Debbo il primo a Fortunato Laudendi (www.lagazzettadeglientilocali.it). Come tutti sanno, le Province sono enti inutili e costosi: sistemazione di politici, amici, clienti e parenti di politici; ghiotte occasioni di affari illeciti. Perciò si propone la loro eliminazione da una vita. Ora che non c’è una lira, B&C si erano decisi: aboliamole. Per carità, ci va tempo, ci va una legge costituzionale (vero) ma lo faremo; giuriamo che lo faremo. Solo che il presidente della Provincia di Treviso e presidente dell’Unione delle province del Veneto, Leonardo Muraro, nel corso di un convegno cui partecipavano Tremonti e Bossi, ha spiegato che, al posto delle Province ci saranno “enti d’area vasta” con un presidente a elezione diretta e un consiglio composto da rappresentanti della regione di appartenenza e dai sindaci dei comuni compresi nel nuovo ente. Calderoli è d’accordo: “Ci sarà un ente intermedio tra Regione e Comune”. Insomma, quello che B&C aboliscono è il nome di Provincia; per il resto, soldi, poltrone, clientelismi e affarucci vari resteranno al loro posto.
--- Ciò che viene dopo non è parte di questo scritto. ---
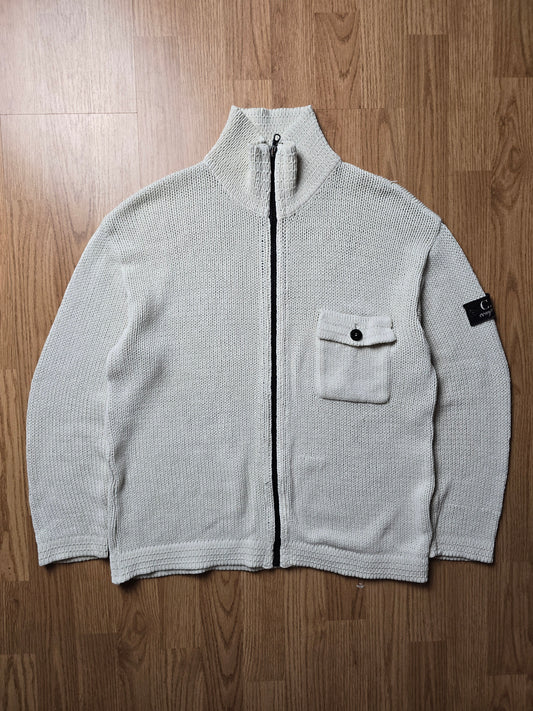 RARE C.P. Company SS00 U16 Cotton Knit Zip Cardigan (S/M)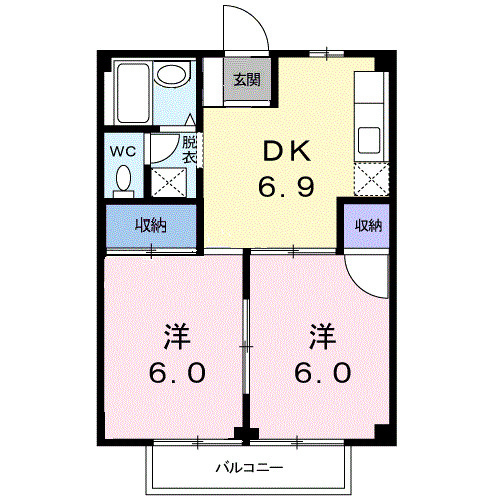 【間取り】 | ハイツ葵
Secondo esempio. B&C hanno detto ai cittadini che non solo loro sono chiamati a grandi sacrifici per il salvataggio del paese. Anche la politica contribuirà: tagliando gli enti inutili (come si è visto); e decurtando i redditi dei suoi adepti. E infatti l’originario art. 13 comma 2 della manovra diceva: l’indennità parlamentare (5.486 euro mensili più diaria e rimborsi spese – che non sono toccati – per altri 7.193 euro) è ridotta del 50 per cento per i parlamentari che svolgano qualsiasi attività lavorativa per la quale sia percepito un reddito uguale o superiore al 15 per cento dell’indennità medesima. Insomma, qualche parlamentare avrebbe rinunciato a 2.743 euro al mese. Adesso però c’è un art. 13 tutto nuovo (emendamento del governo): la riduzione dell’indennità… si applica in misura del 20 per cento per la parte (di reddito derivante da attività lavorativa) eccedente i 90 mila euro e fino a 150 mila euro, in misura del 40 per cento per la parte eccedente i 150 mila euro. Insomma da una riduzione misera si passa – secondo i casi – a nessuna riduzione, a riduzione miserrima, a riduzione inferiore (40% e non 50%) a quella originariamente prevista. Il tutto in via provvisoria perché (questa è un’altra perla), dopo il 2013, non ci sarà nessuna riduzione. Insomma, questa gente pagherà, in media e mal contati, 30 mila euro per uno in 2 anni e poi tanti saluti. Eccoli i “tagli ai costi della politica”.

Adesso: la presa per il c…, termine che pare essere stato sdoganato da B., funzionerà solo per gli italiani o anche per la Ue? E, se gli altri paesi non ci cascheranno, i soldi ce li daranno lo stesso? Se non in prigione (ma B. e qualche altro magari ci finiranno lo stesso) li mandiamo almeno in esilio?